Aujourd'hui, le silicium est considéré comme un matériau de choix pour le développement des technologies quantiques, sur la base de procédés de fabrication avancés mis au point au cours des dernières décennies pour les circuits intégrés électroniques et photoniques. Tandis que le développement de processeurs quantiques basés sur des qubits de spin en silicium est en cours dans plusieurs instituts, dont le CEA-Grenoble, les puces photoniques quantiques en Si présentent quant à elles un grand intérêt pour les simulations quantiques et – dans une perspective à long terme – pour le développement de réseaux quantiques à grande échelle. La manipulation d’états quantiques de la lumière avec une grande fidélité, ainsi que la détection efficace de photons uniques à l'aide de détecteurs à nanofils supraconducteurs intégrés, ont déjà été démontrées sur des puces photoniques en silicium. En revanche, la génération d'états quantiques de la lumière à la demande était restée jusqu’à récemment un problème ouvert.
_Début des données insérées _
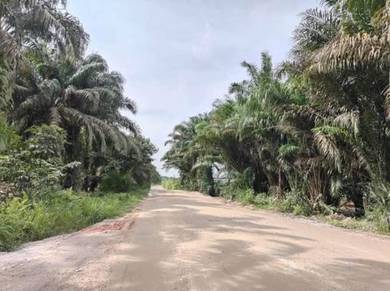 Agricultural Land in Pekan Nanas, JHR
De ce fait, on a employé jusqu’ici des sources de lumière quantique non déterministes (basées sur le mélange de quatre ondes dans le Si) ou encore combiné des sources de photons uniques à base de GaAs et des puces photoniques en Si, ce qui induit de fortes limitations en termes de fonctionnalité ou de perspectives de passage à l’échelle.
La récente démonstration d'une source à photon unique intégrée dans le silicium par le consortium ANR OCTOPUS (L2C Montpellier, LM2NP Marseille et notre laboratoire) et ses collaborateurs (U. Leipzig, U. Oslo, IRIG/MEM) pourrait changer radicalement cette situation. Les auteurs ont étudié des défauts ponctuels, formés à l'intérieur d'une plaquette de silicium sur silice (SOI) commerciale par implantation d'atomes de carbone et recuit thermique. Bien que connus depuis les années 1970 sous le nom de « entres G" » du silicium, ces défauts n’avaient jamais été étudiés à l’échelle du défaut unique. Les centres G isolés se comportent comme des atomes artificiels brillants, capables d'émettre des photons un par un à une longueur d'onde compatible avec les télécommunications (~1,28 µm) et avec une efficacité quantique élevée. Les études se concentrent à présent sur l'intégration d’un centre G unique dans une microcavité optique et sur l'exploration des propriétés de spin du centre G, afin de développer deux dispositifs clés pour l'ingénierie quantique photonique : une source de photons uniques monomode et une interface « spin-photon », toutes deux intégrées dans des puces photoniques SOI. Notons enfin que l'étude théorique du centre G au
MEM est le fruit d’un effort de recherche suivi, qui a débuté avec le projet BOLID ANR (2010-2013) initialement consacré au développement de cristaux de silicium adaptés à une application aux cellules solaires.
Légende : (a) Carte de fluorescence d'une fine couche de silicium sur SiO
2, contenant un ensemble dilué de centres G. (b) Un comportement clair de dégroupement des photons émis, observé sur les histogrammes de corrélation de photons, confirme que chaque point d'émission correspond à un seul émetteur et démontre la capacité des centres G isolés à émettre des photons un par un. c) Spectre d'émission d'un seul centre G montrant une ligne principale dans la bande O des télécommunications.